From the same blog my crawler found few more path to top Technorati blogs – here is another example:

0,Inside analytics,415686,20,2007-06-27
  2,The Copywriter Underground,47546,132,2008-02-14
   3 2k Bloggers:The Face of the Blogosphere,42394,146,2008-02-24
    4,Internet Lifesytle,40190,153,2008-02-27
      5,And the Legend Lives,30891,190,2008-02-25
       6,Fil-Am Gallery,27355,208,2008-02-27
        7,My so-called-life…,25254,220,2008-02-25
         8,Bisdak Footprints,21958,243,2008-02-25
           10,A Blog For All,13913,346,2008-02-28
            11,DBKP:Worldwide Leader in Weird,11511,394,2008-02-28
             12,Blogger News Network,3149,903,2008-02-28
              13,Machinist –,2476,1050,2008-02-28
                 15,Geekologie – Gadgets,1146,1579,2008-02-28
                  16,MAKE: Blog,742,1934,2008-02-28

This one is not the shortest path but it is also depends where do you want to go. In both cases we ended up in blogs about gadgets and technology but what if you’re aim is blogs about marketing, video streaming or fashion?

For a full crawl log see this file: Inside-Analytics – Crawl – 2-28-08 log

By the way, it took a while to complete this crawl:)

I’m learning to crawl…

February 27, 2008 Leave a comment

I’m learning to fly but I ain’t got wings
Coming down is the hardest thing
– Tom Petty

Blog Discovery

This chart show how long is the tail climbing up the authority till the blog reaches more than 1000 reactions. Then the sky is the limit!

I was looking for a way to get more blogs for the blog monitoring project and was thinking about different ways to go about it.

So, I decided to write a blogger crawler.  I decided on the following strategy for discovering new blogs:

Starting from one of the great blogs that I already discovered (manually) I will look for this blog’s inbound links (using Technorati Cosmos API call) and then keep only blogs from this list with equal or higher authority (than the starting blog) . My working assumption is that blogs with higher authority will leads me to higher quality blogs. The crawler then continues in this path recursively hopefully as high as possible.

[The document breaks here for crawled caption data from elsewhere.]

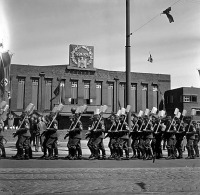 Калининград - Кёнигсберг. Нацистский «Трудовой фронт» марширует напротив Дома Шлагетера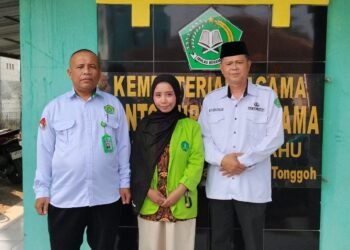 Kepala KUA Cidahu Sambut Mahasiswi PPL STAI Al-Andina
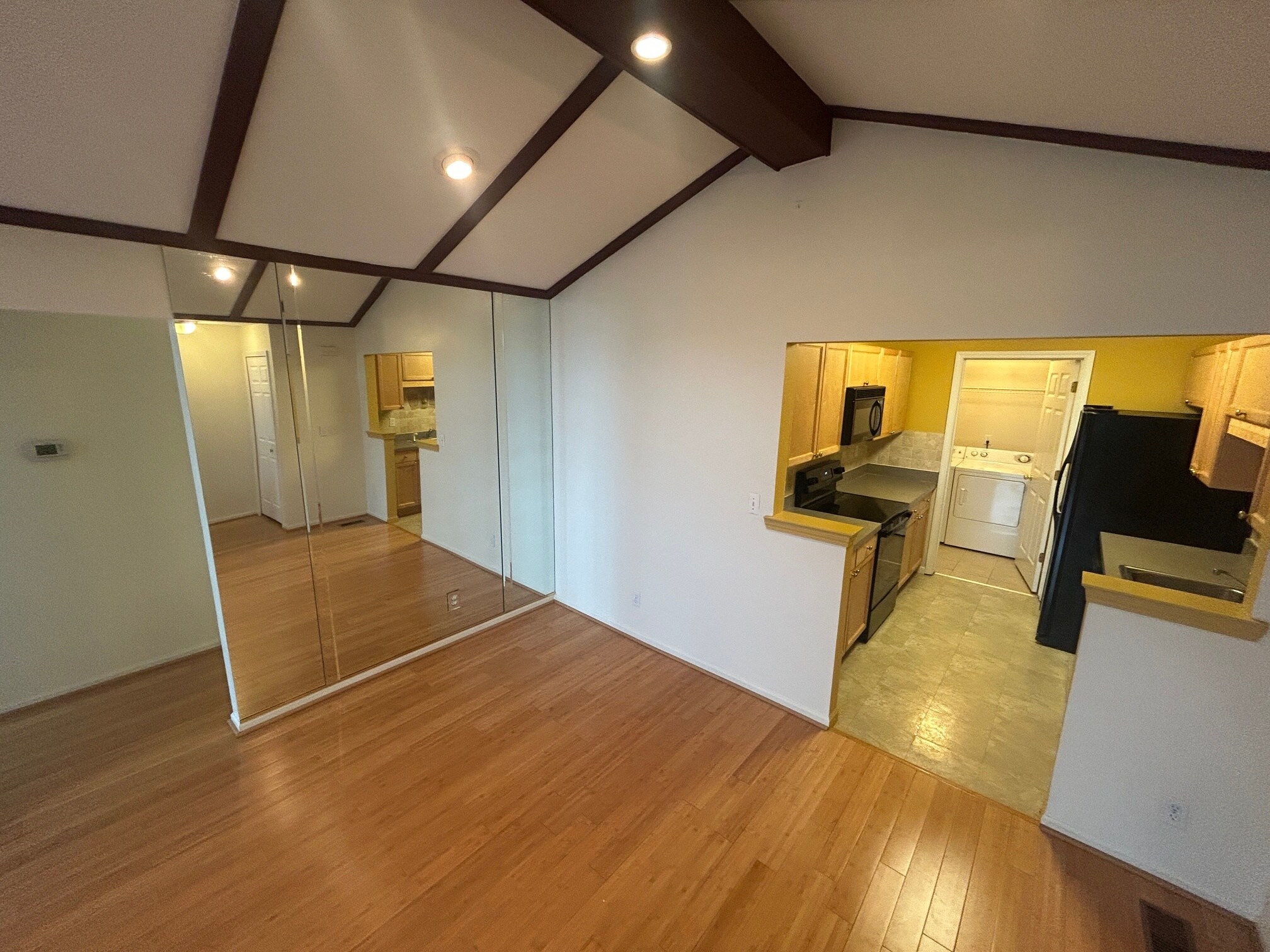 Building Photo - 3608 Oakmonte Blvd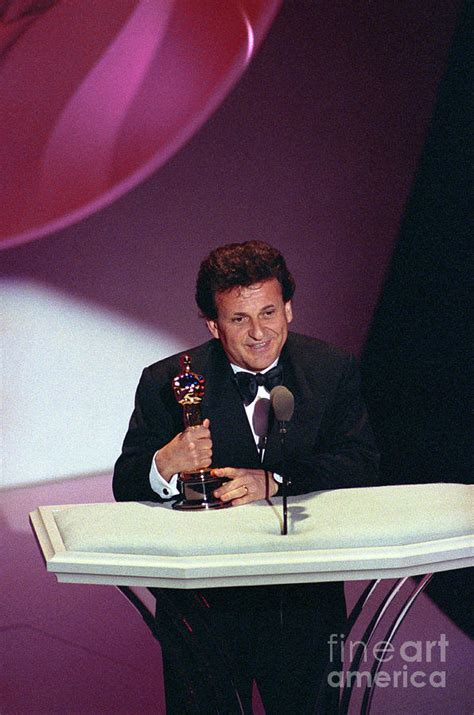 Joe Pesci Accepting Oscar Photograph by Bettmann - Fine Art America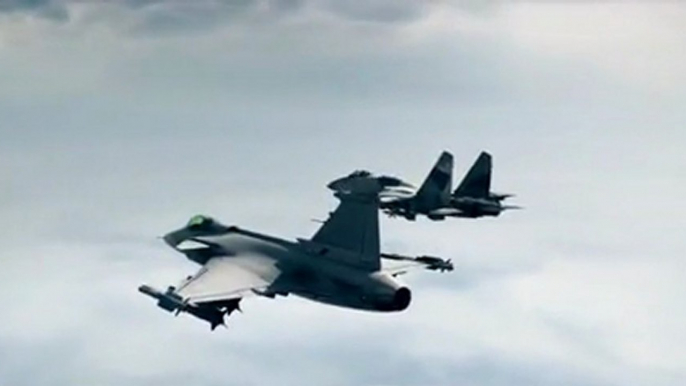 Dogfight Gripen vs Sukhoi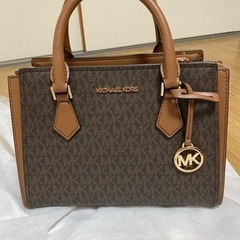 未使用 Michael Kors 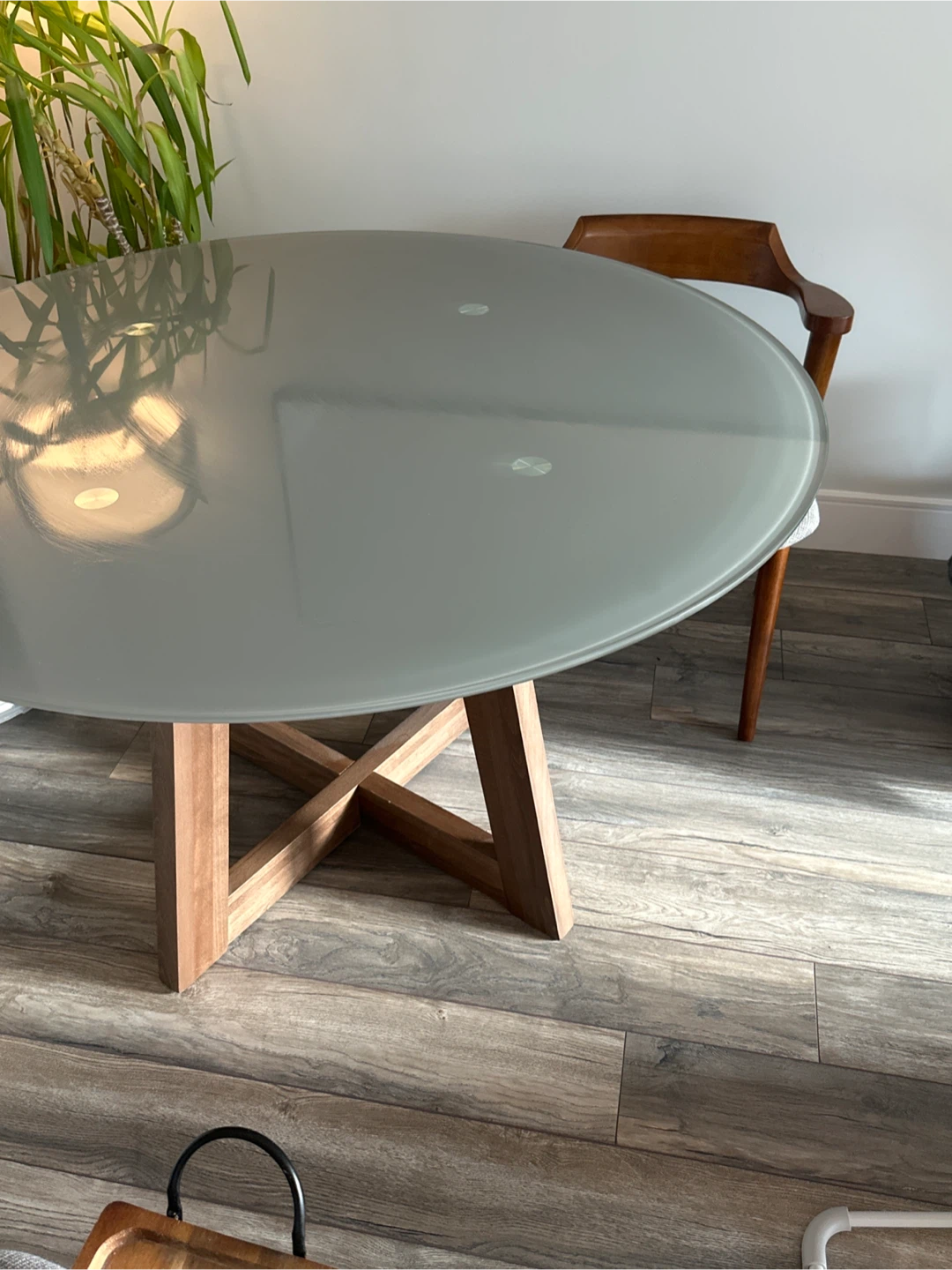 Round table 120cm. Good as New from structube RUND. - photo 2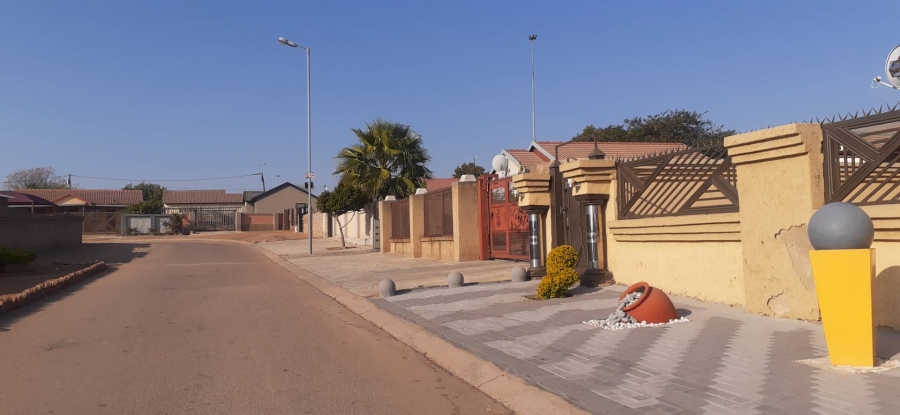 0 Bedroom Property for Sale in Soshanguve S Gauteng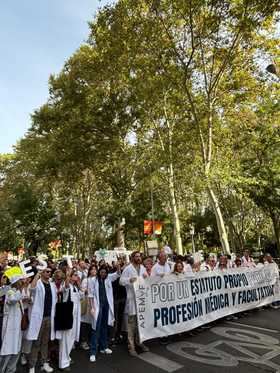 Según el Comité de Huelga de CESM y SMA, habrá concentraciones en todas las comunidades autónomas. En el caso de Madrid, la huelga arrancará con una manifestación este martes a las 10.00 horas, que comenzará en el Congreso de los Diputados y concluirá frente al Ministerio de Sanidad.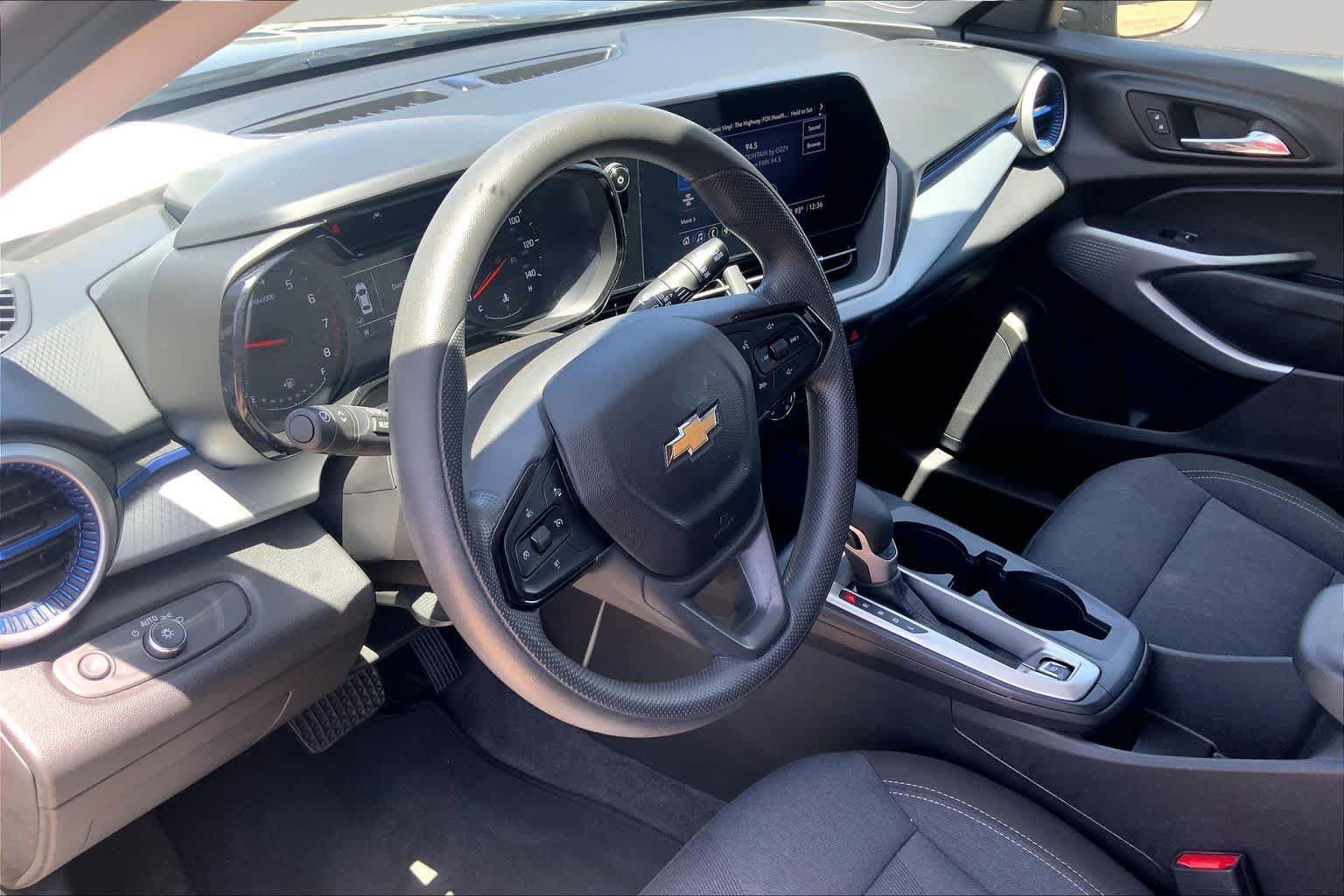 Used 2025 Chevrolet Trax LS FWD image 18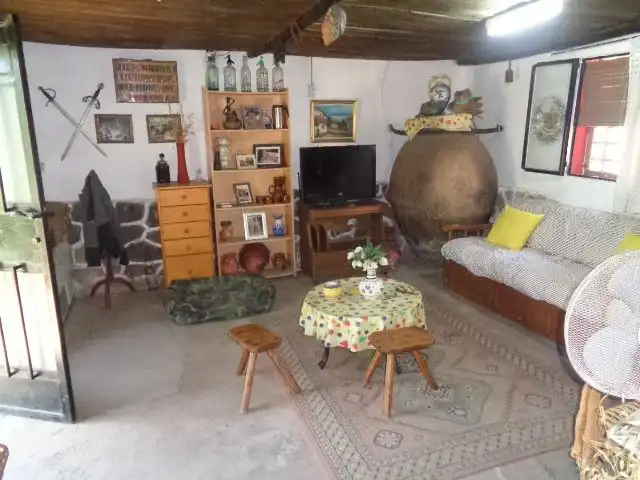 Sala d'estar de Casa o xalet en venda en Cervera de los Montes amb Jardí privat, Traster i Piscina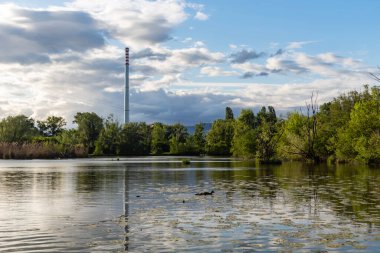 Güzel Savica Gölü yakınlarındaki güzel bir göl üzerinde yükselen yüksek ısıtma tesisi bacası, balıkçılar için popüler bir yer ve Zagreb şehir merkezi yakınlarındaki dinlenme merkezi.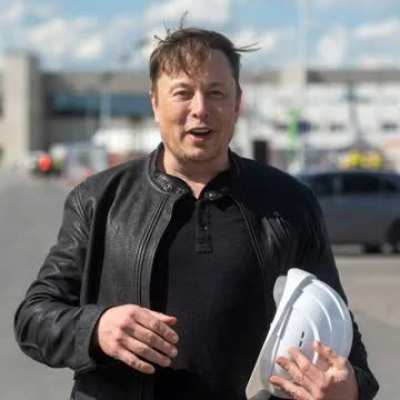 Elon Musk narrates the Thug Shaker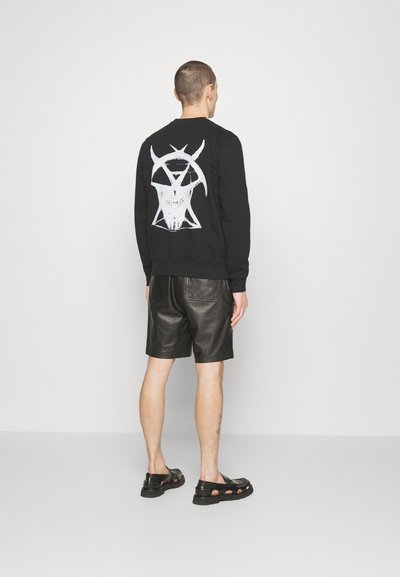 Han Kjøbenhavn SPIRIT GOAT RELAXED CREWNECK UNISEX - Sweatshirt - black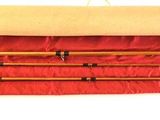 un rouleau de tissu rouge à côté d'un rouleau de tissu jaune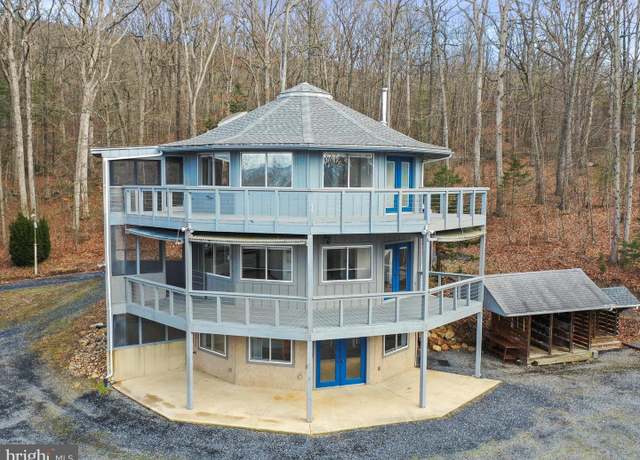 Property at 308 Brush Leaf Ln, Mount Jackson, VA 22842, 2 beds, 2.5 baths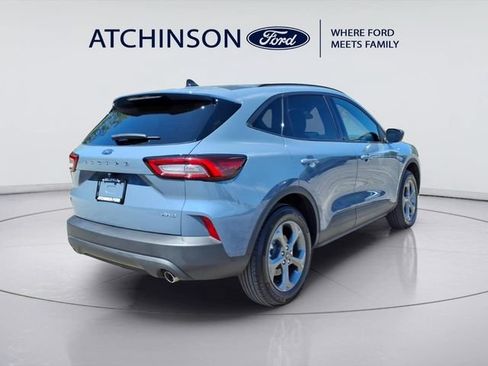 Used 2025 Ford Escape ST-Line w/ Cold Weather Package AWD/4WD image 5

The stop condition is no more inbound links (blogs reactions) with equal or higher authority than the parent node (the current blog).

I believe that starting from each one of the blogs in my origin list will lead to a list of high potential blogs and doing it every now and then will help me to discover new great bloggers.

Once I’ll solve the blog categorization problem (Technorati don’t provide this information through their APY) I could also improve the crawl to find only blogs from the same domain of interest.  In this way I can check blog’s visibility (and maybe reach/influence) in a category.

I did a test run today starting from one of the blogs from tier3:

The starting blog: authority =  16, rank  = 517455

The crawler ended up finding 128 new blogs.

The top blog in the list is: Daily Kos: State of the Nation, authority =  10854, rank  = 12

I think that this is not bad of a catch.

I wanted to continue but I maxed my Technorati API call for that day (500) :)

The theory behind this strategy is that it is easier to get on the radar of low authority blogs (upcoming) and then continue moving your message up. If these bloggers has already some visibility to higher quality blogs they may help to expend your reach. You can see how many comment I got from tier3 compare with tier2 and tier1.

Few more thought:

  • I could add a check for freshness using the lastupdate date
  • It is also possible to go top down – the outbound links should be discovered from a top blog (not using Technorati)
  • The same approach could be added to Twitter – who follow you, from what field and what are their credentials in the blogspheres

I have more thoughts and observation after running my first test and I skipped some of the implementation details but I hope that you can see the picture.

I’m learning to fly around the clouds
But what goes up must come down
– Tom Petty

Love to hear your thoughts.

Blog rank monitoring – update

February 24, 2008 4 comments

I got great feedback about this project and I’m doing a lot of thinking how to proceed with it.

I got very encouraging comments from two members of the Technorati team: David Sifry the founder and  CEO and Ian Kallen the leader of the Core Services engineering group .

I’m now working on getting more steps automated so I can monitor more blogs. It takes time.

I plan to focus mainly on monitoring activity within category and subcategories. I would like to point out great bloggers in the context of their domain of interest and their relationship with other great bloggers from the same field.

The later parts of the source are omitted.